Records contained in a dataset
-------

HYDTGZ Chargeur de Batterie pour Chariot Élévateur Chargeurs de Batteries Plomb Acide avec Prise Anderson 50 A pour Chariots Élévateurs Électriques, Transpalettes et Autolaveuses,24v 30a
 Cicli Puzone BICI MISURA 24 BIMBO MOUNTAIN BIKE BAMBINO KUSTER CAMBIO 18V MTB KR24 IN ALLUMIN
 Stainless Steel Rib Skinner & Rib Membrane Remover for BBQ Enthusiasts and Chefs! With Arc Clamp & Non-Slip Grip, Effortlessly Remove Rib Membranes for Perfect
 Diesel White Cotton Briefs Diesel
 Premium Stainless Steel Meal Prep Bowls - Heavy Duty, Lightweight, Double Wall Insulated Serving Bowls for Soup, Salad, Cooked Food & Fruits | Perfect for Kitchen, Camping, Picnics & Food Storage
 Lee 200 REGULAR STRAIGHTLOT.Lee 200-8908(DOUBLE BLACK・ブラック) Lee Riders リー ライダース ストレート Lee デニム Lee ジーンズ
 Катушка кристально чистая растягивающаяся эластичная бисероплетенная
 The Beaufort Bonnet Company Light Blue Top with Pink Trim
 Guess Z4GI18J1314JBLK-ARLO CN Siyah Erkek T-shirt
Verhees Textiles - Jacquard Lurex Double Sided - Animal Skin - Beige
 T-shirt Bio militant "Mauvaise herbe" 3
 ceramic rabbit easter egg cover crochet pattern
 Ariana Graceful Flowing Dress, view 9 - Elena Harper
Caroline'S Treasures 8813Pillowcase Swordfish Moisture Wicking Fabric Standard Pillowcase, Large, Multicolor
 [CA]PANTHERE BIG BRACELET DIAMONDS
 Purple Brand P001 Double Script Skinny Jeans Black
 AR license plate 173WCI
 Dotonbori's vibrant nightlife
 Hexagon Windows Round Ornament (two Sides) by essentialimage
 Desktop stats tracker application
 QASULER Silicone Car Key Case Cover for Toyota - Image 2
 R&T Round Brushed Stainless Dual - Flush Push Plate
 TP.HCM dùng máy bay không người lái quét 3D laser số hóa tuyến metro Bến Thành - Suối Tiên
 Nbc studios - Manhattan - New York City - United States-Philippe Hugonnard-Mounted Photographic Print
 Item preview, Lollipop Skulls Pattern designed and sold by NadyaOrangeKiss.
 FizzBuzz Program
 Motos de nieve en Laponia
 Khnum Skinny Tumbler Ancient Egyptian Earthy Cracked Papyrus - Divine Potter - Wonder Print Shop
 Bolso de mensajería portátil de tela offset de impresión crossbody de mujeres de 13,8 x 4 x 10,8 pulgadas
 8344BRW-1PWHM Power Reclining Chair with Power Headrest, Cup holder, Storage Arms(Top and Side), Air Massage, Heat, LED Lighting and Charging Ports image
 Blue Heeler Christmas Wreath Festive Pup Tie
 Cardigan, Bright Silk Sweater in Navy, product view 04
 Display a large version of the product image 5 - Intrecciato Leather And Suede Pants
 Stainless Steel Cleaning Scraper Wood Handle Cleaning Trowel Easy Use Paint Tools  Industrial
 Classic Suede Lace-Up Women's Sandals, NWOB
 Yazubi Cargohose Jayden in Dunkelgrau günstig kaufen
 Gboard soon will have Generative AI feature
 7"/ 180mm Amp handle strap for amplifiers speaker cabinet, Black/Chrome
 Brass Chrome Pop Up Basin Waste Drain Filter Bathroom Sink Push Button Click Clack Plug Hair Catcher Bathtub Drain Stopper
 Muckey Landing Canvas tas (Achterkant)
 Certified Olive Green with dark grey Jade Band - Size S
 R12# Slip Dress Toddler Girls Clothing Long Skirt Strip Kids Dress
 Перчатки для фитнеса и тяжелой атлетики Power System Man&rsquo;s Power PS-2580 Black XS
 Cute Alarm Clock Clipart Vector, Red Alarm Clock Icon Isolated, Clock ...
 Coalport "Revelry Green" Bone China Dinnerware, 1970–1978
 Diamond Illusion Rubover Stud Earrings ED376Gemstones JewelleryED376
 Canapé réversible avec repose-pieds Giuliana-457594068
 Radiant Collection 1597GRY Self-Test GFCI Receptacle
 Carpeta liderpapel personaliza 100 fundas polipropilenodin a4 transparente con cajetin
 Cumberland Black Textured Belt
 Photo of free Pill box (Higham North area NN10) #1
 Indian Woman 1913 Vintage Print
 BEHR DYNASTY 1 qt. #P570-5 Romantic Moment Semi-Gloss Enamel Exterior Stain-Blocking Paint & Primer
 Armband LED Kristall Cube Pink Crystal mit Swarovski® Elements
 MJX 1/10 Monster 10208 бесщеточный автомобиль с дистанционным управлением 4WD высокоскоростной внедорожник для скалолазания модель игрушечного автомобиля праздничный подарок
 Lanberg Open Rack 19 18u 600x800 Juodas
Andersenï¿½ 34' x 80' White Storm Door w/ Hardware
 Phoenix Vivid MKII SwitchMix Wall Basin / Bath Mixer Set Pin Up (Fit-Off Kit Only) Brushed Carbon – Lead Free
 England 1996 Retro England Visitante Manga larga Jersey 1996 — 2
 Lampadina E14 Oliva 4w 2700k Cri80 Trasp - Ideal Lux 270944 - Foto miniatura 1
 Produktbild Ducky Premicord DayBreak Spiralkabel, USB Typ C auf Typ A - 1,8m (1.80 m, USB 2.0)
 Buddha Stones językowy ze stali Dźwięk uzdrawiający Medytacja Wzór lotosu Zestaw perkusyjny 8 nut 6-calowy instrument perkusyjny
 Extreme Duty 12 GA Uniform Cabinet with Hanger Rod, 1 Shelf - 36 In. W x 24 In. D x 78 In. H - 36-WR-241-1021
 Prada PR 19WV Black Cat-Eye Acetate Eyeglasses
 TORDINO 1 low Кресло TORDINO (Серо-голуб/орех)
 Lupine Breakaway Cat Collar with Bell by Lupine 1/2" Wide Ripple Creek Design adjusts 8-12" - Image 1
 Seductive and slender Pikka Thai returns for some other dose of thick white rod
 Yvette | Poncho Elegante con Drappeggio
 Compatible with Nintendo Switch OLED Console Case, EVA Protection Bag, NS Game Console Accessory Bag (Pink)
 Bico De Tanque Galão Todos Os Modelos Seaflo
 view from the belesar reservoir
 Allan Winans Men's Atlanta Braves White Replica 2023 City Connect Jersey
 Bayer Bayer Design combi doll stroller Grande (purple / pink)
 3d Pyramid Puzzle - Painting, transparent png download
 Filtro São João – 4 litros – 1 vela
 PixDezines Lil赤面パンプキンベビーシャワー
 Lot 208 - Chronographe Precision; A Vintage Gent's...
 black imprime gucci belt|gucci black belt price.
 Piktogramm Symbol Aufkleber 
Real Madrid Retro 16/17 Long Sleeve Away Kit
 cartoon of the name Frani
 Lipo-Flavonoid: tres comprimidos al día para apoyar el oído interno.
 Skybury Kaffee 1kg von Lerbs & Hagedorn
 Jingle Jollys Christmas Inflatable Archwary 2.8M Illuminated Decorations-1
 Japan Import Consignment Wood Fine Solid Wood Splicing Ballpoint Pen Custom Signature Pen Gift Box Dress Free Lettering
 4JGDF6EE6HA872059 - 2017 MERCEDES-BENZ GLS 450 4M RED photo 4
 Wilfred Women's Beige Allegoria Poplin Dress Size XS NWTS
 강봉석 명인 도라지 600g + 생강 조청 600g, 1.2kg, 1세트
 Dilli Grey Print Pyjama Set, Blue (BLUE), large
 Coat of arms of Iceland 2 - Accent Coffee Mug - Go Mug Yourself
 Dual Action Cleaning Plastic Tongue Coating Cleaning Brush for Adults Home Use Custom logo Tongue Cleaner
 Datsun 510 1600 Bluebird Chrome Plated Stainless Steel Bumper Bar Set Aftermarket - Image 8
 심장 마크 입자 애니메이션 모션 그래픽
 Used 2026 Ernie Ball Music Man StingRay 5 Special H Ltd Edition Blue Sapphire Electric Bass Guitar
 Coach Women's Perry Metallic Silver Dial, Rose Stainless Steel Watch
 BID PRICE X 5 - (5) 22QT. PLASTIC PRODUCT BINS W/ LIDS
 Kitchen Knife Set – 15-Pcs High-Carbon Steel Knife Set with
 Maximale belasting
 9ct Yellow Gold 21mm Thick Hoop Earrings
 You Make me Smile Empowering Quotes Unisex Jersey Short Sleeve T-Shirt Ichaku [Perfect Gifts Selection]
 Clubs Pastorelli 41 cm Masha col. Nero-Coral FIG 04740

-------

▶ _EXERCISE DETAILS_: Could you please copy the lines above exactly, beginning at the first and ending at the line that contains "Cicli Puzone BICI"?

▶ _ANSWER TO THE PROBLEM_:
HYDTGZ Chargeur de Batterie pour Chariot Élévateur Chargeurs de Batteries Plomb Acide avec Prise Anderson 50 A pour Chariots Élévateurs Électriques, Transpalettes et Autolaveuses,24v 30a
 Cicli Puzone BICI MISURA 24 BIMBO MOUNTAIN BIKE BAMBINO KUSTER CAMBIO 18V MTB KR24 IN ALLUMIN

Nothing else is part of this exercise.